1. Pipeline at a glance¶

The DLP pipeline runs eleven steps per scan. Four accuracy layers wrap the original seven — you do not need to handle anything they already cover in your pattern's regex.

Normalise — strips zero-width characters, folds ~50 Cyrillic/Greek homoglyphs to Latin ASCII, applies NFKC, and appends the decoded plaintext of any inline base64 blocks. Your regex sees the canonical form — don't pre-emptively widen it for obfuscation, because normalisation has already handled the common tricks.
Correlate (optional) — when the caller supplies a session_id, the prior paste's tail is prepended so secrets split across consecutive pastes line up under your pattern. No pattern work required.
Classifier — short-circuits obviously-empty input.
Aho-Corasick — single-pass O(n) scan for all pattern prefixes.
Regex revalidation — runs the pattern's regex on a window around each AC hit; eliminates AC's false positives.
Public-example bloom — auto-suppresses matches whose value is in the curated SHA-256 hash table of well-known docs examples (AWS canonical, Stripe test keys, RFC 4122 documentation UUIDs, PCI test card numbers, the jwt.io canonical token). Do not add EXAMPLE placeholders to your exclusion list if they're already in agent/internal/dlp/bloom.go — add them there instead.
Placeholder shape — auto-suppresses <YOUR_KEY>, {{var}}, ${VAR}, common marker substrings (your-, _here, placeholder, todo_, fixme, dummy_, redacted, …), and repeated mask characters (xxxxx, *****, ●●●●●). Skip the placeholder / your- words in your exclusion dictionary — the placeholder router already handles them globally.
Hotword proximity — checks whether any of the pattern's hotwords appear within hotword_window bytes of the match.
Entropy — computes the Shannon entropy of match.Value. Values below entropy_min are penalised.
Exclusion — looks up dictionary and regex exclusions; the result is either Hit (subtracts ExclusionPenalty) or SuppressEntirely.
Thresholding — compares the aggregated score to the per-severity threshold (critical=1, high=2, medium=3, low=4 by default).

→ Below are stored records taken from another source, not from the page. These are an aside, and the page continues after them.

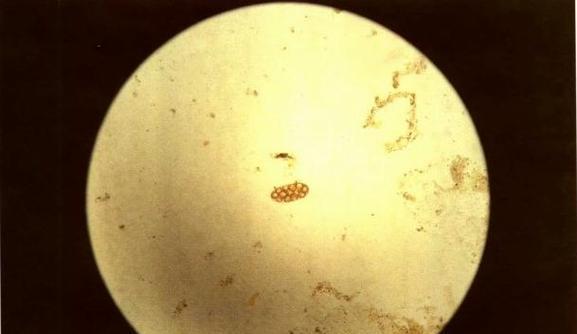 狗狗感染绦虫的原因及预防方法（揭秘狗狗感染绦虫的危害与防治措施）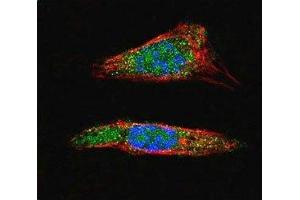 Confocal immunofluorescent analysis of SUMO1 antibody with A375 cells followed by Alexa Fluor 488-conjugated goat anti-rabbit lgG (green). (SUMO1 antibody  (AA 1-30))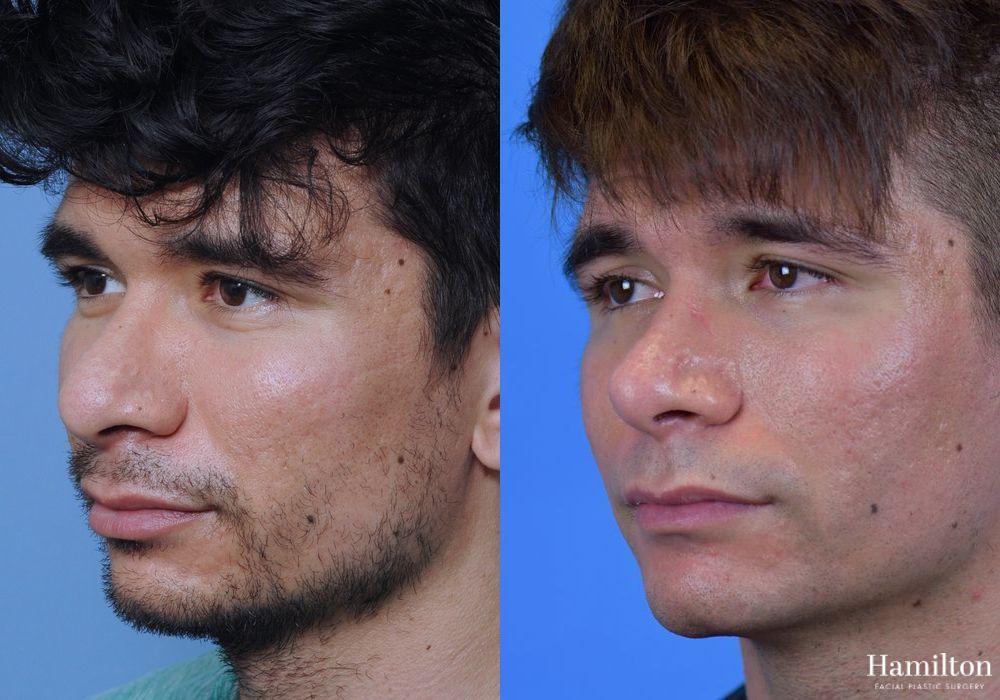 Before and after Rhinoplasty case 37271 - Angle 4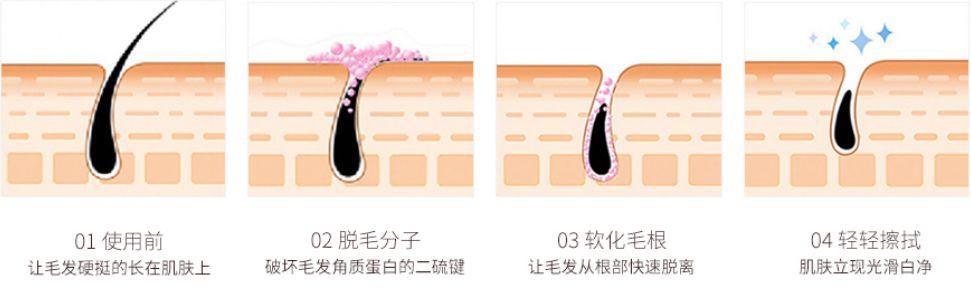 无痛脱毛，轻松摆脱多余毛发的革命性技术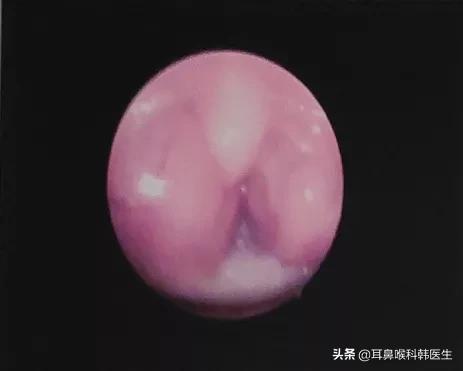 为啥来院就做内镜检查？医生怕是在骗我钱吧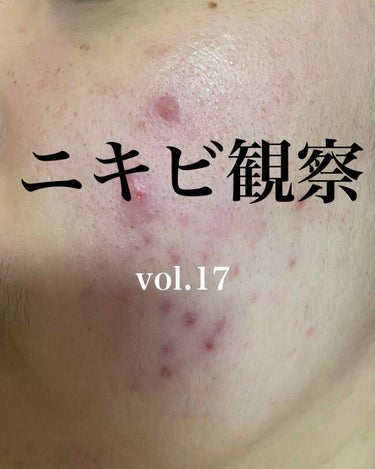 敏感肌用薬用美白美容液/無印良品/美容液を使ったクチコミ（1枚目）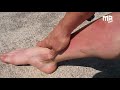 Shin Conditioning: a Progressive Workout for Strengthening your Shins | Martial Arts Explained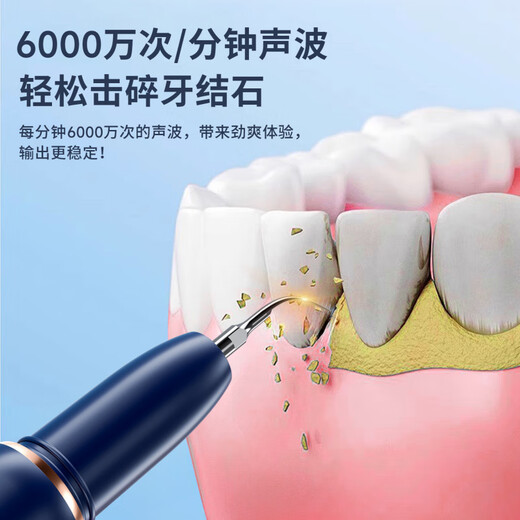 Sawang Germany Tooth Cleaner Household Calculus Remover Removes Smoke Stains and Yellowing Cleans Teeth Smoke Stains Tea Stains Tartar Calculus Scaler Dental Care Tool Silver White 3000W High Frequency Teeth Cleaning Protects Teeth and Gums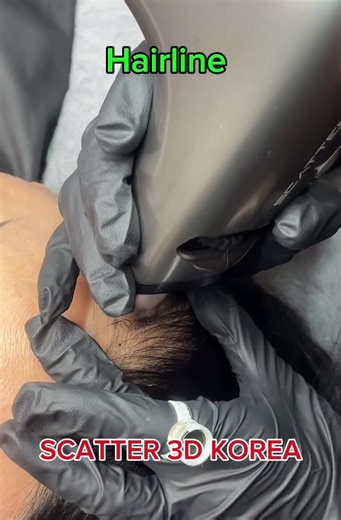 SCATTER SMP Device Tutorial: Female Hairline Procedure Workflow#SCATTER#SMPdevice#HairlineTechnique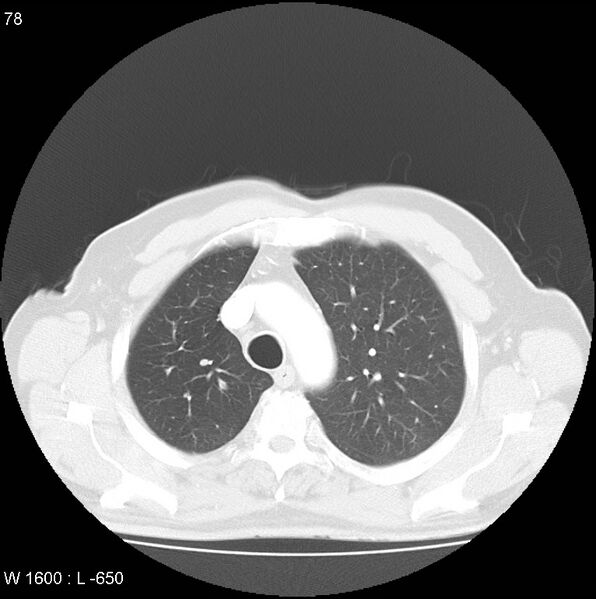 File:Bronchial carcinoid tumor with right lower lobe collapse (Radiopaedia 29060-29422 B 16).jpg
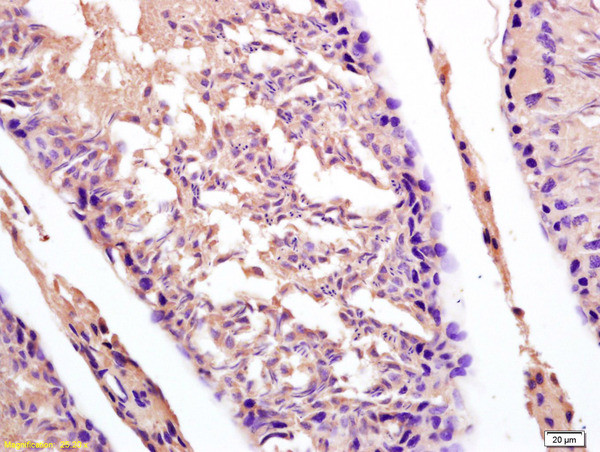 CT13 Antibody in Immunohistochemistry (Paraffin) (IHC (P))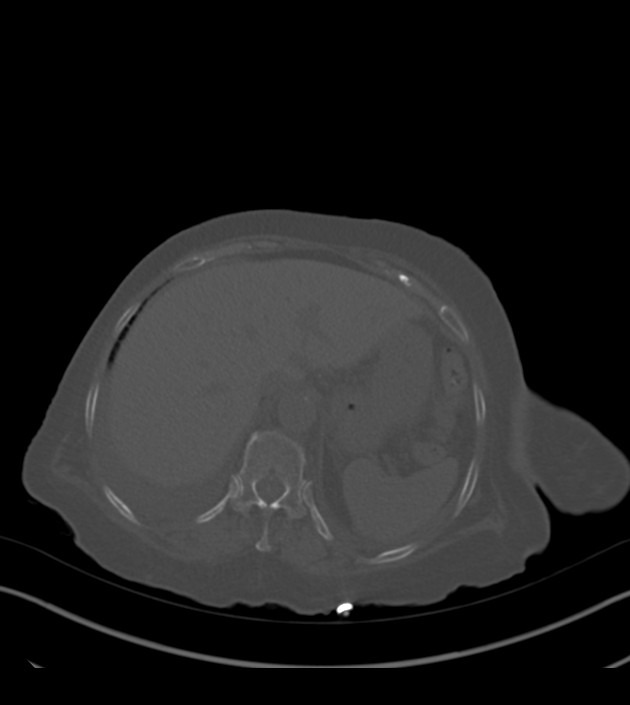 Amiodarone deposition in the liver (Radiopaedia 77587-89780 Axial bone window 75).jpg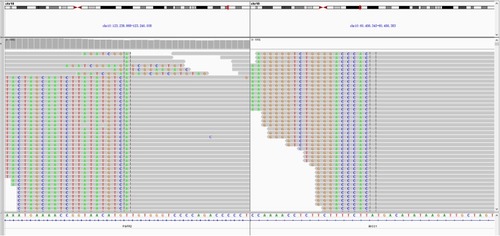 Figure 3 Integrative genomics viewer snapshot of FGFR2-BICC1. Alignment of NGS sequencing reads from the patient’s tumor reveals a FGFR2-BICC1 rearrangement.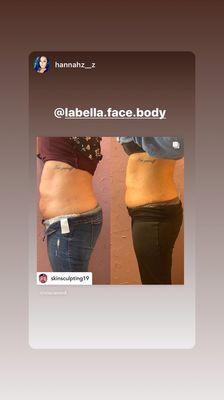 Body contouring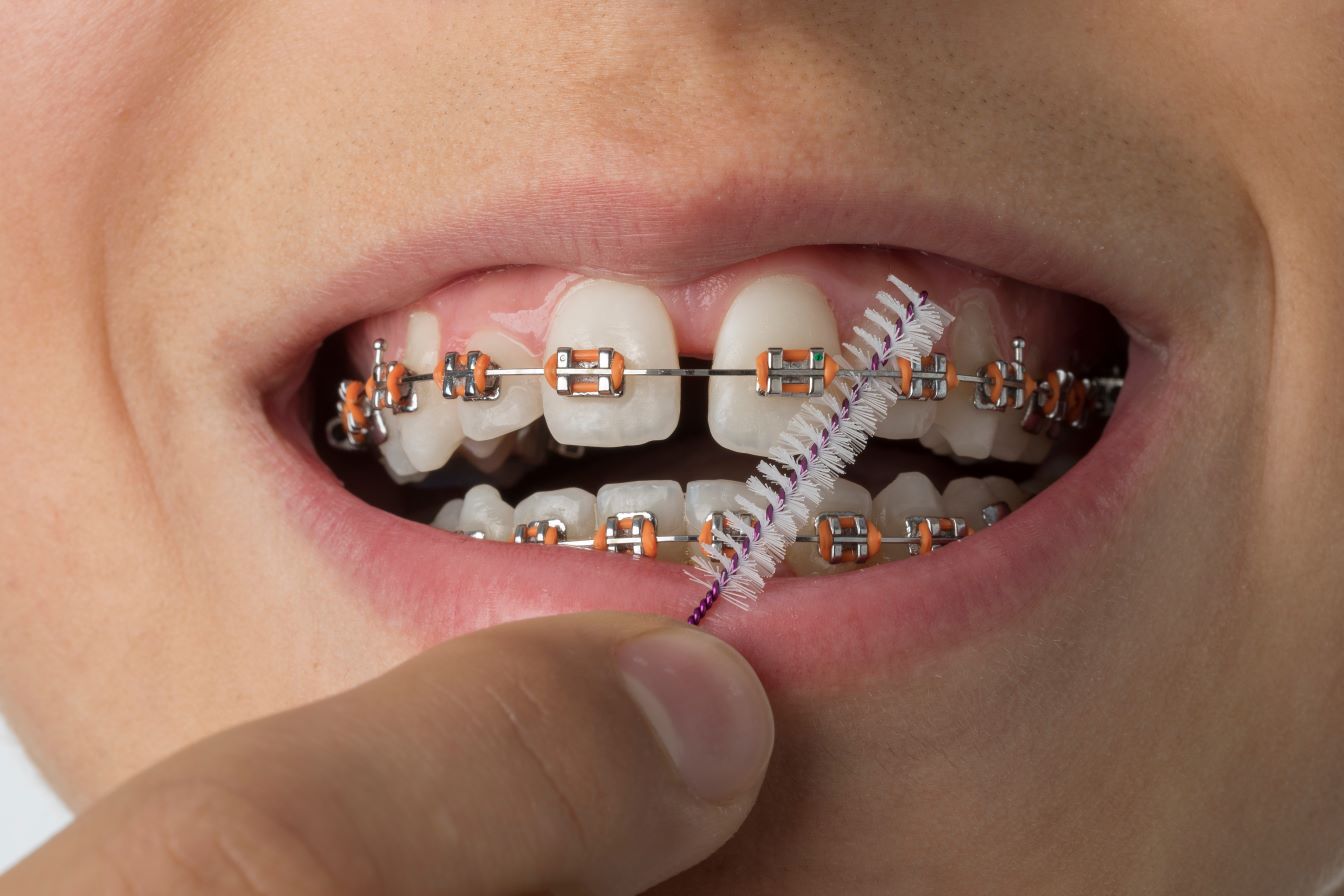 What to Include in a Braces Care Kit | Dr. Bradley Buchwald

Architecture details: ARCHITECTURE.md.

2. The pattern JSON schema¶

Every entry in rules/dlp_patterns.json is an object with these fields:

Field	Type	Purpose
`name`	string	Human-readable label. Must be unique across the file. Shown in tray notifications.
`regex`	string	Go RE2 regex. Compiled once at load.
`prefix`	string	Aho-Corasick prefix. Lowercase, literal (no metacharacters). Pick the longest invariant prefix of `regex` — e.g. `AKIA` for AWS keys, `sk-ant-api03-` for Anthropic.
`severity`	string	One of `critical`, `high`, `medium`, `low`. Drives the threshold check.
`score_weight`	int	Base score contribution. Conventionally `1` for single-shot patterns, `2` for patterns whose match is structurally narrow (e.g. typed UUID-shaped key IDs).
`hotwords`	[]string	Words that, when present near the match, boost the score by `hotword_boost`. Lower-cased at evaluation.
`hotword_window`	int	How many bytes either side of the match to look for hotwords. Defaults to 200; widen for patterns that live deep inside config files.
`hotword_boost`	int	Score delta when at least one hotword fires. Conventionally `2`.
`require_hotword`	bool	When `true`, no block is issued unless at least one hotword matched. Use for patterns whose regex shape is shared with benign text (e.g. generic `password = "..."`).
`entropy_min`	float	Below this Shannon entropy the score is penalised by `EntropyPenalty`. Set `0` to disable the entropy gate.
`min_matches`	int	(optional) Require this many distinct matches in the same content before scoring; useful for low-signal regex like 16-digit credit card shapes.

Example: a high-signal cloud key¶

{
  "name": "Anthropic API Key",
  "regex": "sk-ant-api03-[A-Za-z0-9_\\-]{80,}",
  "prefix": "sk-ant-api03-",
  "severity": "critical",
  "score_weight": 1,
  "hotwords": ["anthropic", "claude"],
  "hotword_window": 200,
  "hotword_boost": 2,
  "require_hotword": false,
  "entropy_min": 4.0
}

Example: a low-signal generic shape¶

{
  "name": "Java Password Literal",
  "regex": "(?i)String\\s+(?:password|passwd|pwd|secret|apiKey)\\s*=\\s*\\\"[^\\\"\\s]{8,}\\\"",
  "prefix": "String",
  "severity": "high",
  "score_weight": 1,
  "hotwords": ["java", "class", "import", "private", "public"],
  "hotword_window": 300,
  "hotword_boost": 2,
  "require_hotword": true,
  "entropy_min": 3.0
}

Note require_hotword: true — without it the regex would flag any String x = "abcdefgh" literal in any text file.

3. Choosing a prefix¶

The Aho-Corasick pass is the hot path. It scans content in O(n) for every prefix in the rule set at once. A good prefix is:

Literal — no [a-z], no (?:foo|bar), no anchors. The AC trie can't represent them.
Lower-case — the AC scan is case-insensitive only for the lowercase trie. Build your prefix in lowercase.
As long as possible while still always present in real matches. For AWS keys, AKIA (4 chars) is the longest invariant. For Stripe live keys, sk_live_ (8 chars). Longer prefixes → fewer false hits in the AC pass → fewer regex calls downstream.
Distinctive. Don't use api or key as a prefix — every config file has those words. Use the actual token prefix.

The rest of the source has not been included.